Hito Steyerl, Factory of the Sun (2017)

Quando si pensa all’arte contemporanea, si tende comunemente a immaginare un mondo dominato da estetiche kitsch e da logiche produttive ormai pienamente omologate alle esigenze del mercato galleristico. In pratica, un sistema tout court, pienamente rispondente al capitalismo simbolico che domina l’umanità contemporanea.
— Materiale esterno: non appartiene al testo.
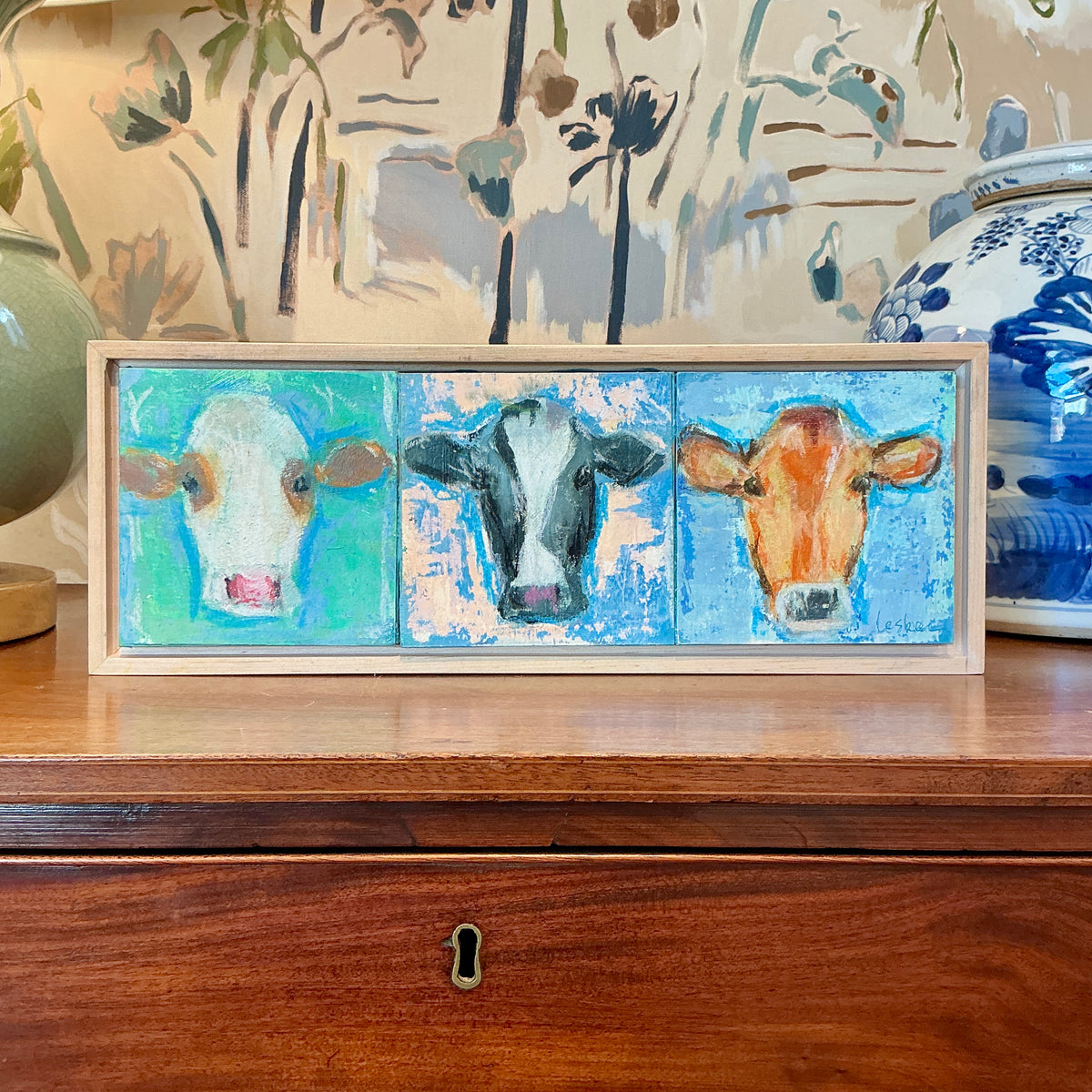 Carol Lesher Cow Trio 3 Portrait Oil Painting in Wood Frame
A dire il vero, però, sotto i nostri occhi sta avvenendo una nuova, graduale e dirompente trasformazione capace di trascendere i linguaggi e le abitudini a cui siamo abituati da qualche lustro, relegandoli prossimamente con ogni probabilità alla Storia.

Tale conclusione si può effettuare a partire dalle analisi di ArtReview, rivista specializzata nello studio delle nuove tendenze artistiche nata a Londra nel 1949 e considerata come una delle testate di riferimento per chiunque si voglia informare a tal riguardo a livello internazionale. Infatti ogni anno il giornale stila una classifica, Power100, sui cento personaggi più rilevanti del periodo della galassia creativa e dal 2017 risulta un trend nettamente disruptive rispetto agli anni precedenti.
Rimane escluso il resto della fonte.